My first encounter was Auschwitz-Birkenau. Standing there, I realized how easily words like history and memory fail. The train tracks ran straight into the Nazi extermination camp and then simply stopped. Our guide said there was nowhere else to go. In New York City, trains mean movement: getting home, staying connected, continuing life. At Auschwitz, they carried people into death.
What stayed with me wasn’t just the scale of the violence but how deliberate it all was. About 80% of the people brought there were murdered within days, many immediately. The system was designed not only to kill, but to make killing efficient. That realization didn’t feel distant. It felt uncomfortably human.
As the trip continued, I began noticing how remembrance shows up — and how often it doesn’t. At the Galicia Jewish Museum in Krakow, I learned about a synagogue that had been destroyed during the Holocaust, rebuilt years later and repurposed as a toy store. That decision didn’t sit right with me. Synagogues are not just buildings; they are spaces of identity and connection. It raised a question I couldn’t shake: When historical spaces are restored, who decides how they are remembered — and what responsibility comes with that decision?
Later, in Warsaw, we visited what remains of the Jewish Ghetto and saw a mural honoring six members of the Jewish resistance who died after the Warsaw Ghetto Uprising. Their bravery gave hope to people who had almost none. Yet the mural honoring them wasn’t created until 2022 — nearly eighty years after their deaths. That delay troubled me. Remembrance shouldn’t have to wait decades to feel necessary.
As a Hispanic student who is not Jewish, this trip reshaped how I understand the Holocaust and its relevance today.
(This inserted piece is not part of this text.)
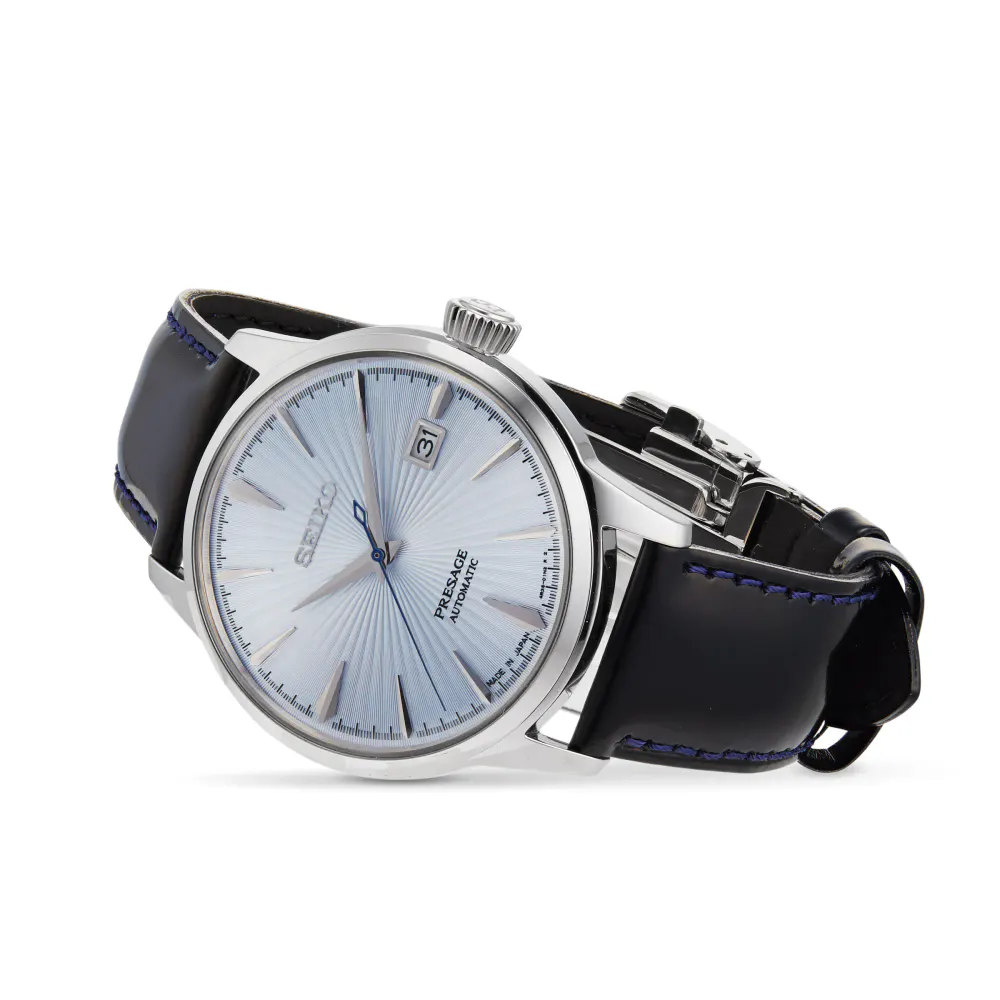 Seiko Presage Cocktail Skydiving 41mm Mens Watch in Blue, additional product view 2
I learned that antisemitism didn’t suddenly appear in the 1940s — it had deep roots, and difference was used as an excuse to exclude and dehumanize long before genocide followed. That pattern is not just “history.” It’s a warning.
People look different, worship differently, live differently. That diversity should never justify violence. And yet history shows how easily hatred grows when difference is normalized as a threat and memory is treated as optional.
This trip forced me to confront uncomfortable questions: Why did recognition take so long? Why are some stories remembered immediately while others fade? And what happens when remembrance becomes symbolic instead of intentional?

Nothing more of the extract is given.